15.4.07

Balsamic Chicken

1 lb boneless, skinless chicken breast
2 Tbs olive oil
1 C chopped onion
t tsp brown sugar
1 28 oz. can diced tomatoes, partially drained
3 Tbs balsamic vinegar
1/4C fresh basil, chopped

Cut chicken into 1 inch strips. Brown in oil. Add 10 turns of freshly ground black pepper to chicken as it is frying. Add onions and sugar to pan. Fry until chicken is cooked through and onions are tender. Add tomatoes and vinegar and simmer for a couple minutes. Add basil and season to taste with salt. Serve over pasta.

1.4.07

Spinach and Mushroom Quiche with Cheddar Crust


10 oz. package frozen chopped spinach, thawed
1/2 C milk
1/2 C heavy cream
1/2 C onion, finely chopped
1/4 C mushrooms, chopped
1 tsp salt
1/4 tsp nutmeg
dash pepper
3 eggs, slightly beaten

Crust
1 C grated cheddar cheese
3/4 C flour
1/2 tsp salt
1/4 tsp dry mustard
1/4-1/3 C water

Preheat oven to 400.

Put all ingredients for crust in food processor, starting with least amount of water. Pulse with large blade until ingredients come together in a ball. Add more water if necessary. Roll crust and place in bottom of pie pan.

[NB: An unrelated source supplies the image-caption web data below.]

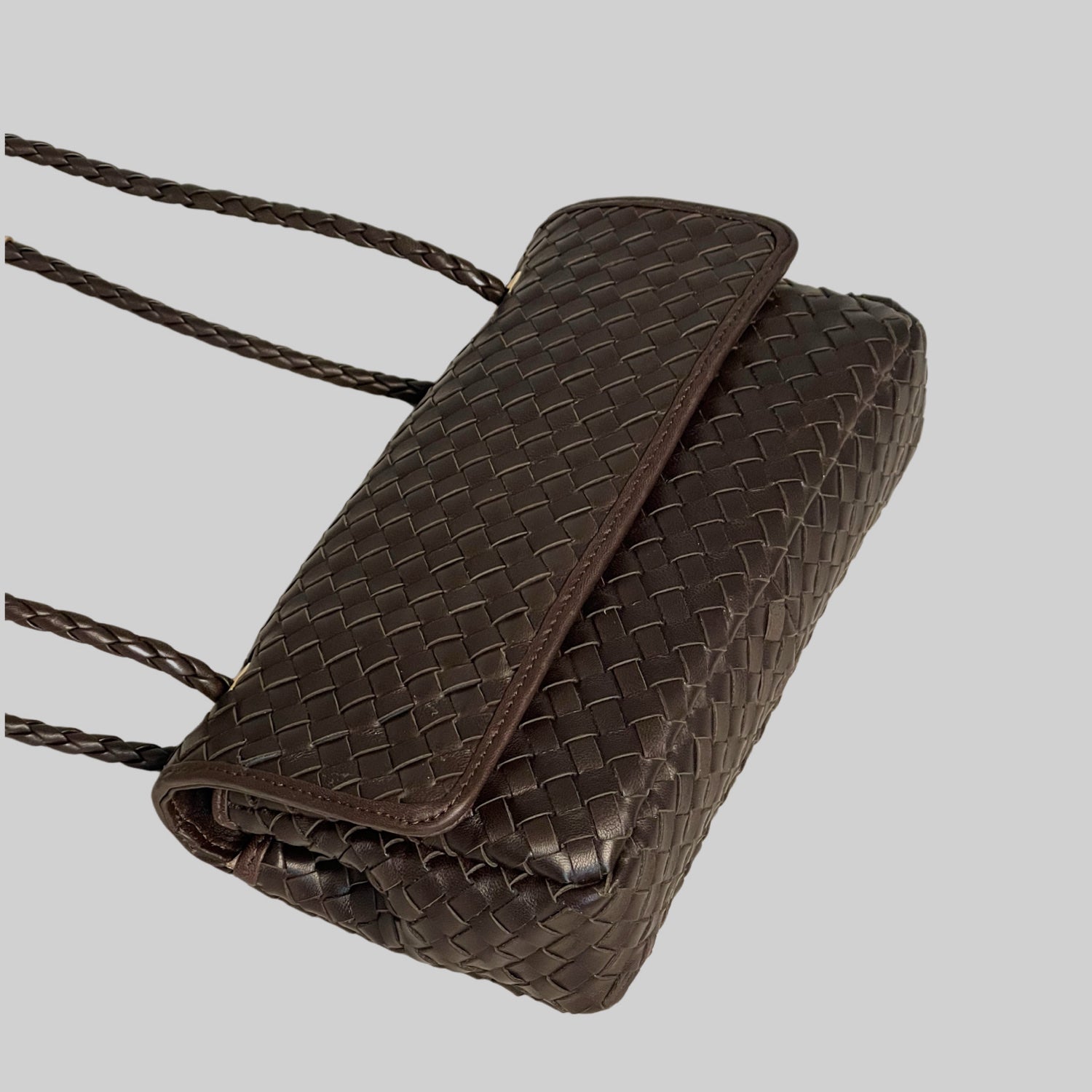 Ribichini Envelope-clutchen i sjokoladebrunt lammeskinn med gull-detaljer. Den justerbare hanken gir fleksibel bærestil, klaffen sikrer trygg oppbevaring.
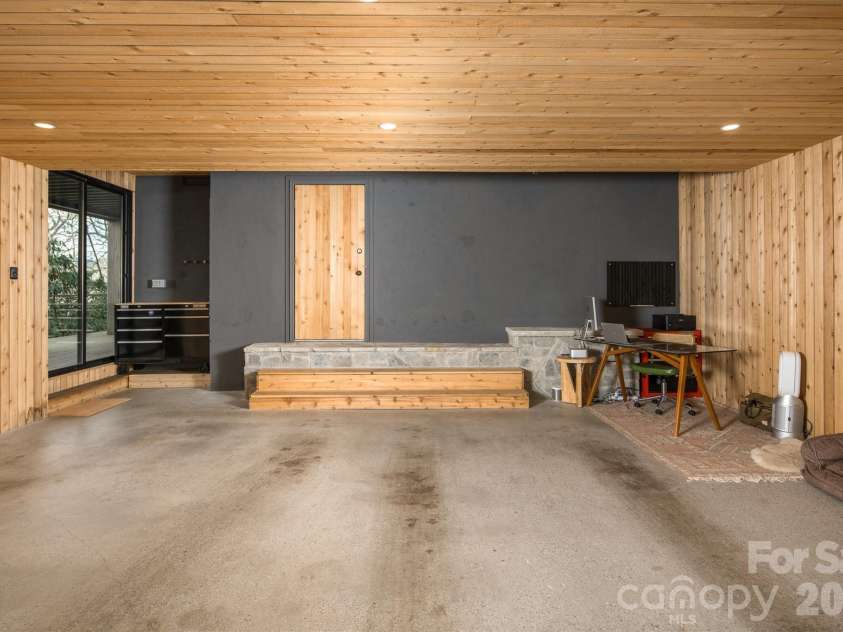 206 Tsisdvna Lane, Brevard, NC 28712.  MLS# CAR4334880, YatesRealty ID 2219. Oversized, 2 car garage addition, clad entirely in Cedar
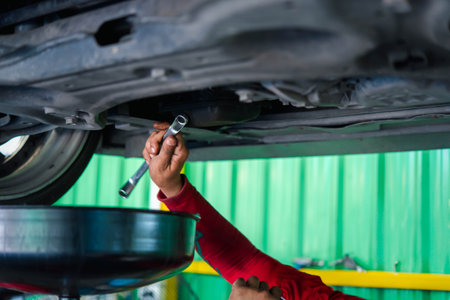 Car mechanic drain the old lubricant engine oil at car garage for changing the oil in a car engineの写真素材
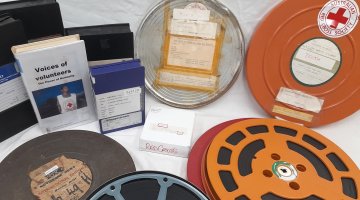 A selection of Australian Red Cross Society films in circular and rectangular cases.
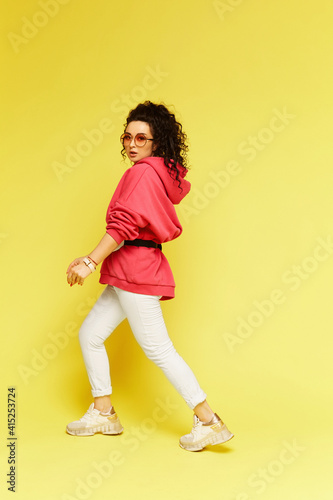 A young woman in sportswear and sunglasses over a yellow background. Young beautiful woman in a pink hoodie and white pants at the yellow background, isolated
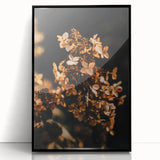 Large abstract wall art depicting autumnal trees in warm orange and red tones, framed in black acrylic.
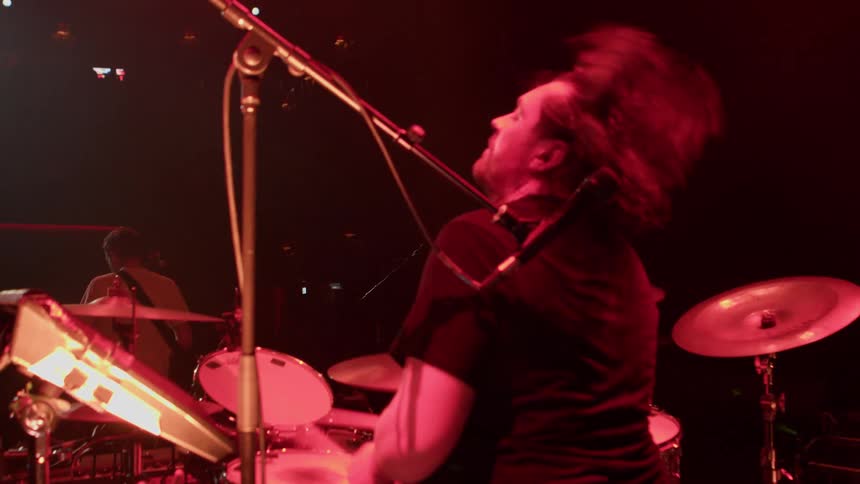 The drummer is performing behind the band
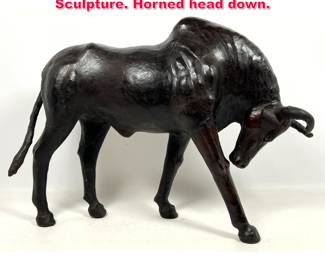 Lot 277 Leather Covered Bull Figural Sculpture. Horned head down.
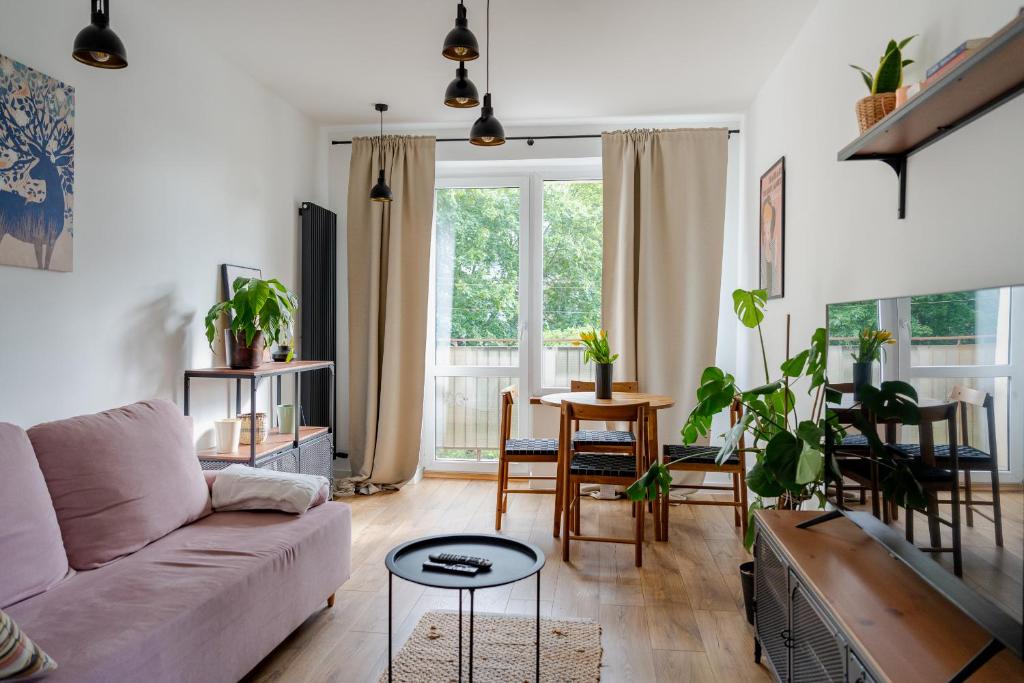 ein Wohnzimmer mit einem Sofa und einem Tisch in der Unterkunft Apartament Fika - klimatyczny w centrum miasta by SpaceApart in Jelenia Góra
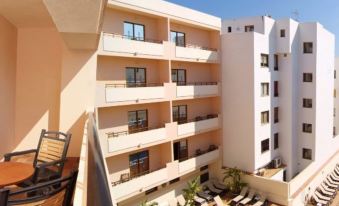 a hotel with multiple balconies and a large pool area , providing a pleasant outdoor space for guests to relax at Invisa Hotel la Cala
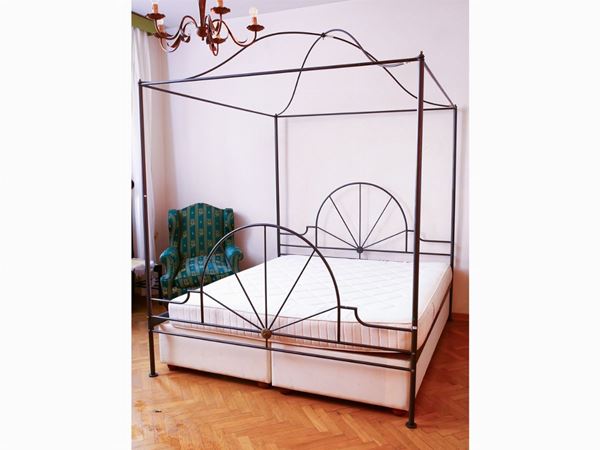 An ebonized metal canopy bed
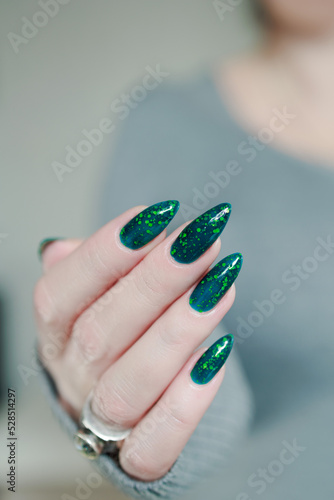 Woman's hand with long nails and bright yellow green thermo manicure with bottles of nail polish photo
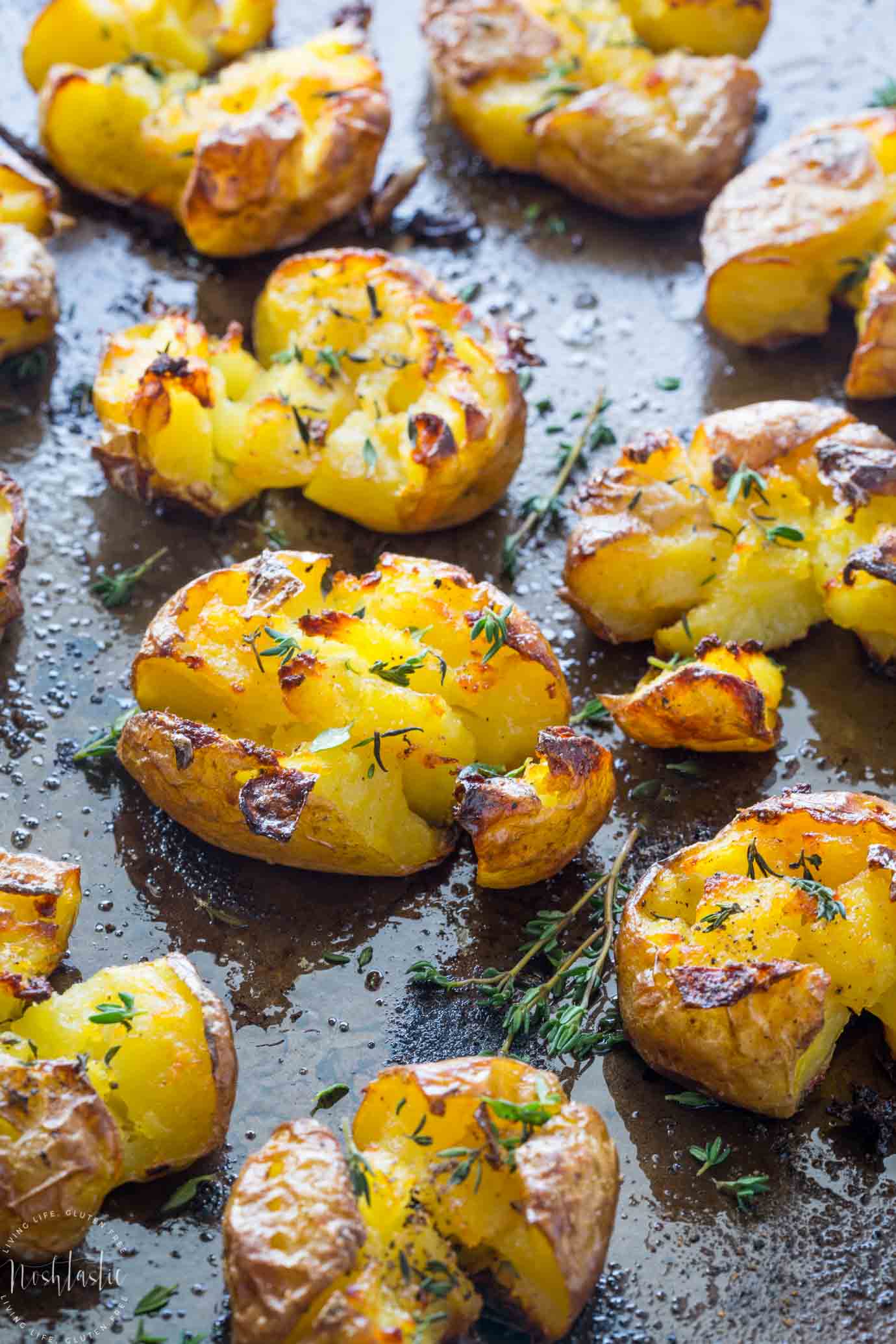 Smashed Potatoes baked with garlic, olive oil and herbs, fluffy in the middle an truly crispy in the middle, find out how to make them on noshtastic.com!! | paleo, gluten free, vegan, whole30, healthy recipe, side dish. baked potato, roasted potato.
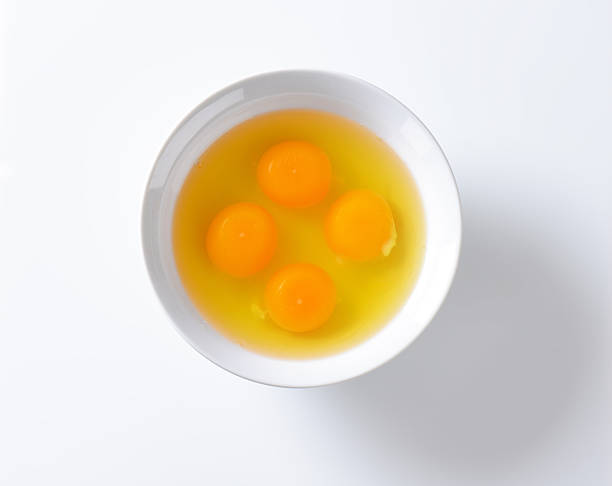 egg yolks bowl of raw egg yolks isolated on white background egg yolk on white stock pictures, royalty-free photos & images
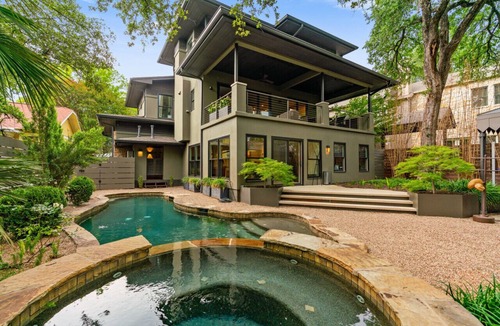 Bouldin House | Downtown, sleeps 24, 2 pools, spas, game room, gym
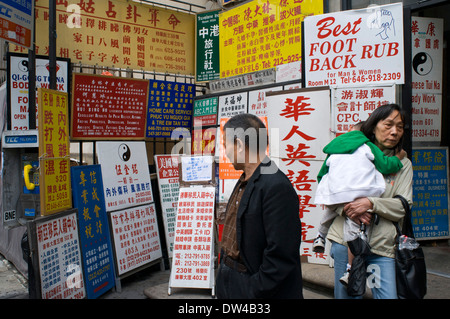 Street corner with Chinese advertising boards, Chinatown, Lower East Side, New York City, USA. The Chinatown neighborhood Stock Photo
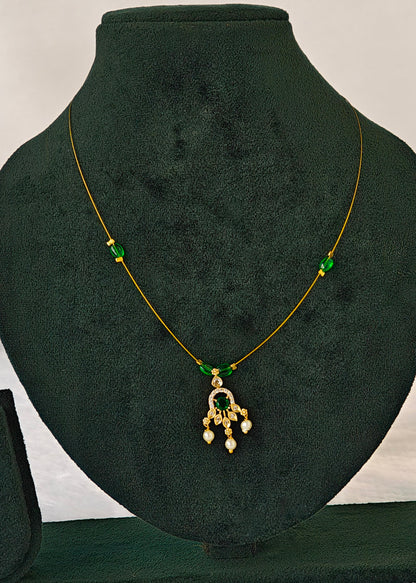 A gold chain necklace with green bead accents and a dangling pendant, displayed on a dark green velvet jewelry bust.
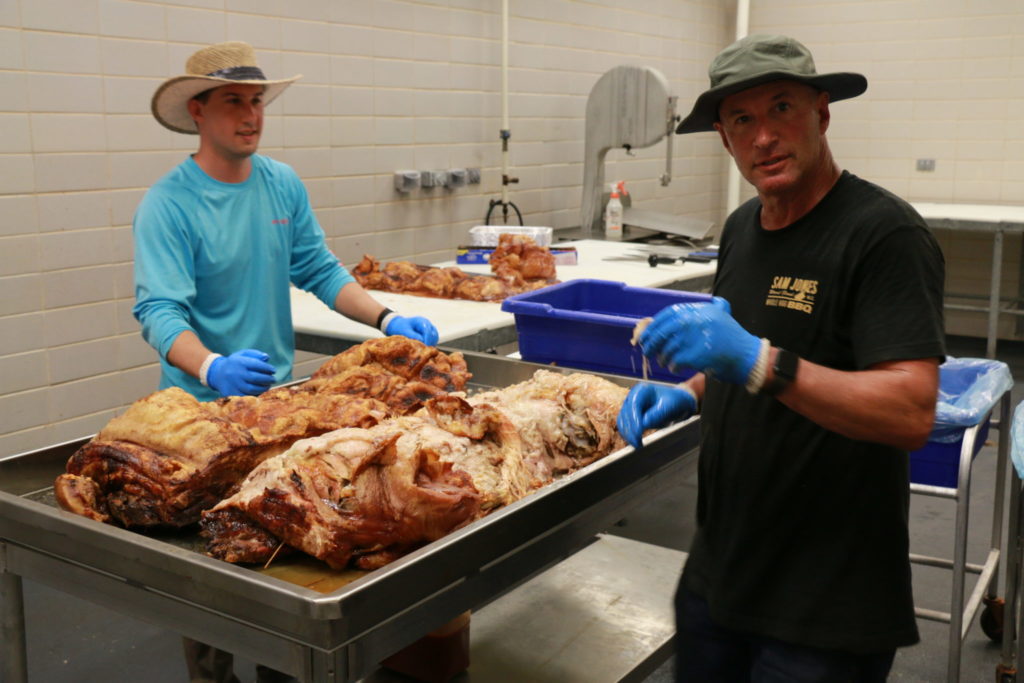 Riley and Todd David, Cattleack Barbeque, pulling/preparing the pork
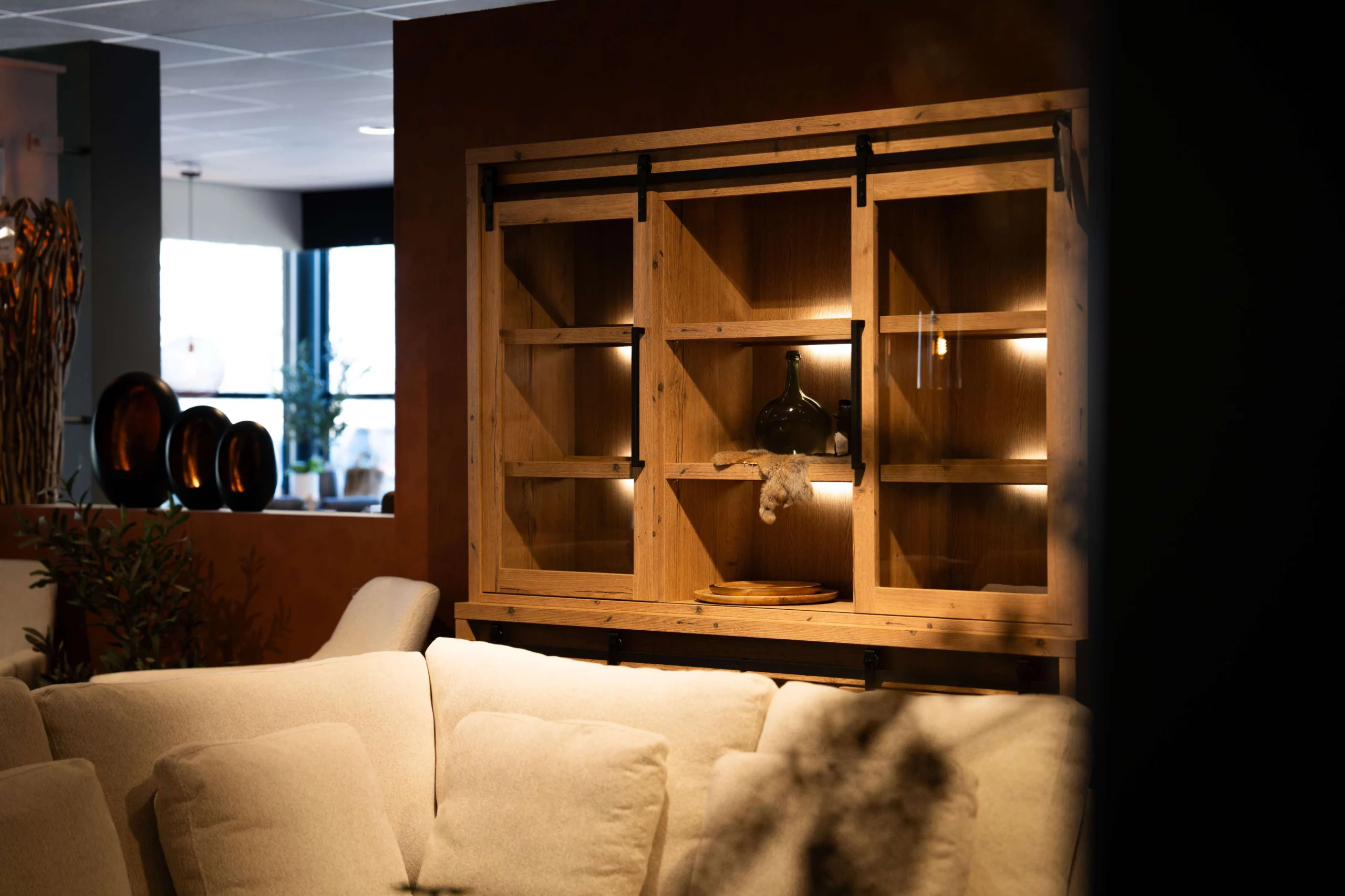 Grote houten vitrinekast met lampjes en woonaccessoires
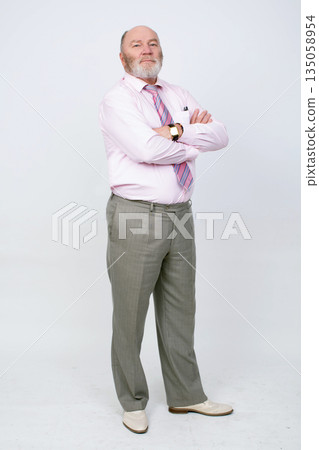 An elderly man in full height. He is dressed in a shirt with a tie and gray trousers. An elderly man in full height. He is dressed in a shirt with a tie and gray trousers. 135058954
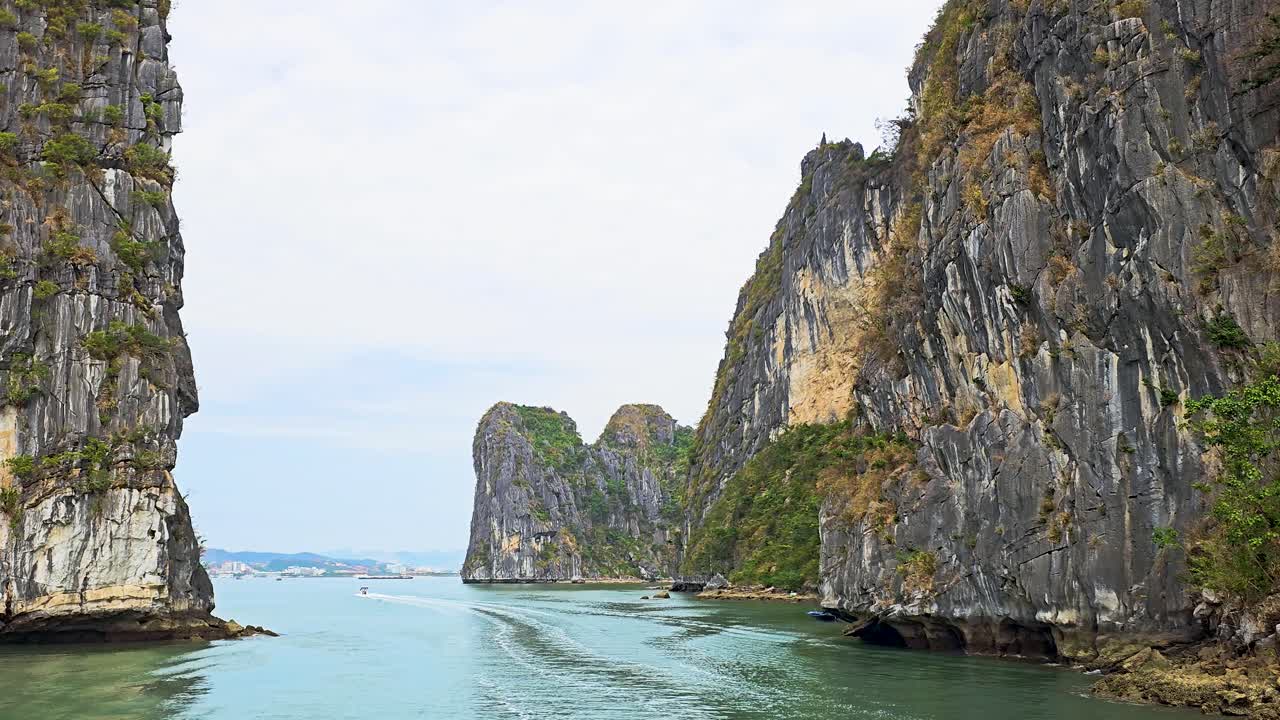 Towering limestone karsts rise dramatically from the emerald waters of Ha Long Bay, creating a majestic natural gateway where tourist boats navigate through the tranquil channel between the cliffs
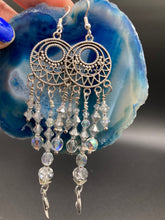 Load image into Gallery viewer, Whimsical Celestial Smiling Crescent Moons Large Chandelier Earrings. Five strands of beautiful clear iridescent glass beads and dangling smiling crescent moon charms. This is perfect for any outfit and will surely stand out. Measurements:  4” in length. Witchy, Whimsical, Goth, Luna Lovers, Crescent Smiling Moons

Combine milk, cream, onion, mushroom, salt, nutmeg, and pepper in saucepan. Simmer 1 minute. Add small amount of hot mixture to eggs and blend well. Add egg mixture to mixture in saucepan and stir well. Add spinach to hot custard. Pour into unbaked crust. Bake at 400 for 15 minutes, then 325 for 20 minutes or until set in center.